The date for the hearing of these applications was originally scheduled for early May but the BBC understands that timeframe is expected to slip due to new COVID-related rules designed to prevent the hasty liquidation of firms damaged by the pandemic.

Mr Gupta is expected to say that Liberty fits that description as orders from aerospace customers plunged as international travel collapsed.

However, people familiar with the matter say the creditors' real concern is not falling aerospace orders but that no-one seems to be able to locate £3bn of finance that creditors allege Greensill advanced to Gupta and remains unpaid and unaccounted for. Mr Gupta denies any wrongdoing and maintains his business dealings have been transparent throughout.

'Formal request'

However, the government has already turned down a request from Mr Gupta for a taxpayer bailout of £170m citing concerns about the "opaque" nature of his metal empire.

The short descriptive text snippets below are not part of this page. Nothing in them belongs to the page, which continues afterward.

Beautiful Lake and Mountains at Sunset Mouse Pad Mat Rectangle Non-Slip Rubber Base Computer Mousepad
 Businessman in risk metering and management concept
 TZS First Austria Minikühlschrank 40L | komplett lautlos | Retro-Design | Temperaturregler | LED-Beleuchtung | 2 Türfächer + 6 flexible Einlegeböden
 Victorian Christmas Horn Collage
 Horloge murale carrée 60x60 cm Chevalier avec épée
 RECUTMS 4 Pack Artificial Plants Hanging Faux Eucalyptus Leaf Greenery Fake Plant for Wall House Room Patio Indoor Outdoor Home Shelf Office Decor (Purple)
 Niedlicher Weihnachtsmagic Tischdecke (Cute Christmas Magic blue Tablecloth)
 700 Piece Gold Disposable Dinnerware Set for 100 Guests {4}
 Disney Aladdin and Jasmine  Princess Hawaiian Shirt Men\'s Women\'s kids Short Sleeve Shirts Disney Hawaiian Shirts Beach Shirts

In his most recent letter asking for financial assistance, he bafflingly insists his last request for financial assistance has been misunderstood despite the previous letter asking for it to be considered a "formal request" for government help.

In any event, if the court applications are granted, the government's hand may be forced.

A winding up order would see the appointment of an official receiver tasked with liquidating the company, which employs 5,000 people. At that point, the government would have to decide whether it would instruct the receiver to keep the company going at tax payer expense.

A similar arrangement with British Steel cost the UK taxpayer over £500m for the five months it took to find a new buyer.

Business minister Kwasi Kwarteng has cited concerns about the "opaque" nature of Mr Gupta's empire
Business minister Kwasi Kwarteng has cited concerns about the "opaque" nature of Mr Gupta's empire

It is not impossible that Mr Gupta finds someone prepared to advance him the money he needs to fight another day but his creditors would have to agree to the new arrangement. If they thought there was a chance they would get a bit more of their money back than a fire sale of assets they might agree to it, but optimism among those to whom he owes money is not high.

Sanjeev Gupta recently told the BBC that "not a single plant will close while I am in charge".

That is bold and potentially counterproductive.

The government has made it clear that it is not prepared to help rescue a company still owned and run by a man who regularly flies by private jet and owns a house in Belgravia he recently bought for £42m.

Government sources suggest that the clearest way to seeing the bits of Gupta's empire they want to save is for the company to go bust - one way or another. Only then can the government be confident it is rescuing what it wants to rescue.

The one-time "saviour of steel" is now perceived by government as a barrier to its salvation.

Sources close to the creditors of collapsed financier Greensill say that the future of this UK steel maker needs to be saved from Sanjeev Gupta.